6.4. Limitations of MPTAC and MSTAC
While the MPTAC and MSTAC algorithms offer frameworks for multivariate time series compression, they also exhibit certain limitations.
Scalability concerns—As the number of variables increases, both MPTAC and MSTAC maintain a computational complexity of O(n) relative to the number of variables. However, the constant multiplicative factor for MSTAC is higher due to its sequential processing approach, which results in longer processing times. While MPTAC’s parallel handling of multidimensional data can lead to increased memory usage and processing time, its recursive and online processing nature allows it to maintain efficient performance even with large sample sizes. Significant performance constraints for MPTAC would likely only arise in extreme scenarios involving a high number of variables combined with very limited computational power. In contrast, the sequential processing of MSTAC may lead to greater inefficiencies in real-time applications as the number of variables grows.
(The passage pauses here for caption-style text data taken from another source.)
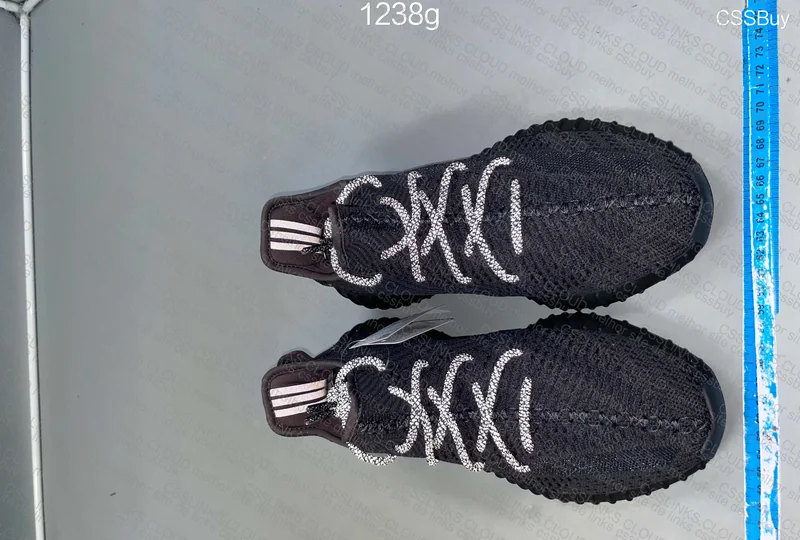 Yeezy 350 V2 Black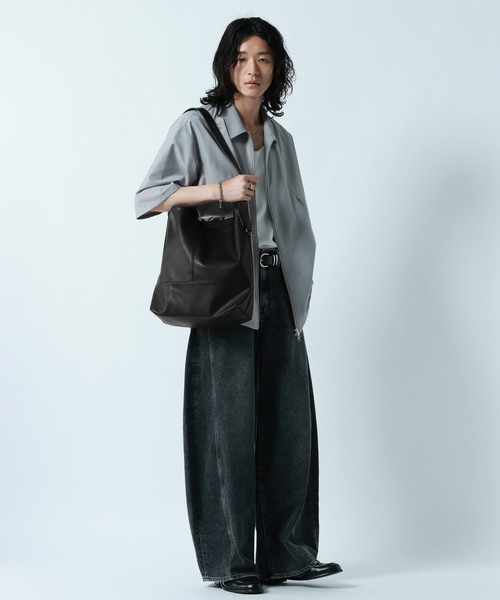 RAGEBLUE(レイジブルー)の「Synthetic Leather D-Ring Shoulder Tote Bag/シンセティックレザーDリングショルダートートバッグ(ショルダーバッグ・メンズ・ブラック・FREE)」の5枚目の写真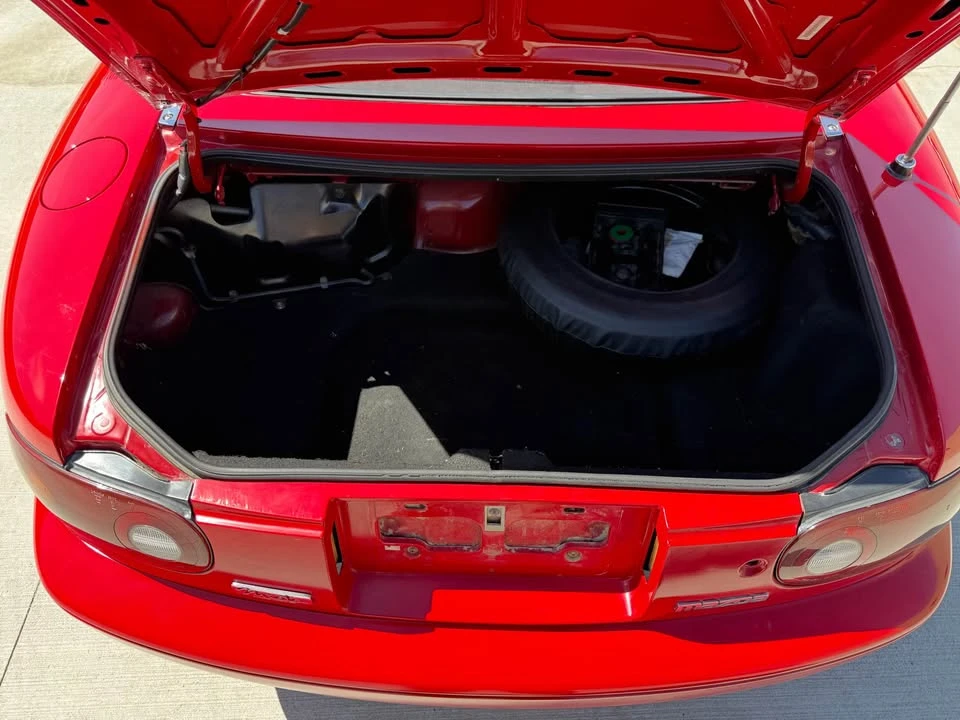 1992 Mazda NA MX-5 Miata - Image 9 of 16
Performance in highly dynamic environments—Both algorithms face challenges in highly dynamic environments where concept drift occurs. Although the anomaly window mechanism in MPTAC and MSTAC provides some level of adaptability, this mechanism may not be sufficient in rapidly changing data distributions. In these situations, reinitialization of the algorithms may be required to maintain accuracy. This could disrupt continuous monitoring and anomaly detection in scenarios where real-time response is critical, such as in industrial IoT or smart grid systems.
Parameter sensitivity—The effectiveness of both MPTAC and MSTAC rely heavily on careful tuning of hyperparameters, such as the comparison threshold and window size. Incorrect selection of these parameters can significantly impact performance, potentially resulting in a higher rate of false positives or missed anomalies. Scenarios that most challenge parameter tuning are those with highly erratic (highly dynamic) time series or, conversely, extremely smooth series, where inappropriate parameter choices can reduce detection accuracy. In diverse applications, these parameters may need continuous adjustment, which could limit the generalizability of the algorithms across varying use cases without prior fine-tuning.
Handling of strong correlations—In MSTAC, the approach of processing variables independently makes it less susceptible to misclassifying one variable due to “double weighting” from strongly correlated variables, as each variable is evaluated on its own. However, this independence assumption may lead to missed anomalies that arise from interdependencies among variables, limiting its effectiveness in capturing the full complexity of data in multivariate systems. MPTAC, by processing variables in parallel as a collective sample, can better handle interdependent variables but may be more sensitive to strongly correlated variables. In such cases, these correlations might carry greater influence when classifying a sample as an anomaly.
Handling outliers—Both MPTAC and MSTAC rely on outliers as indicators of context shifts, using them to identify and save relevant samples. The control of hyperparameters, such as m and the , helps ensure that only significant outliers are considered, avoiding the influence of less relevant anomalies. The eccentricity-based anomaly-detection mechanism in both algorithms further supports this by flagging outliers before compression, allowing for tailored handling. Given this, handling outliers is not a weakness of the algorithms; rather, it is an integral feature that enhances their accuracy in capturing meaningful data shifts and improves the quality of compressed data in dynamic environments.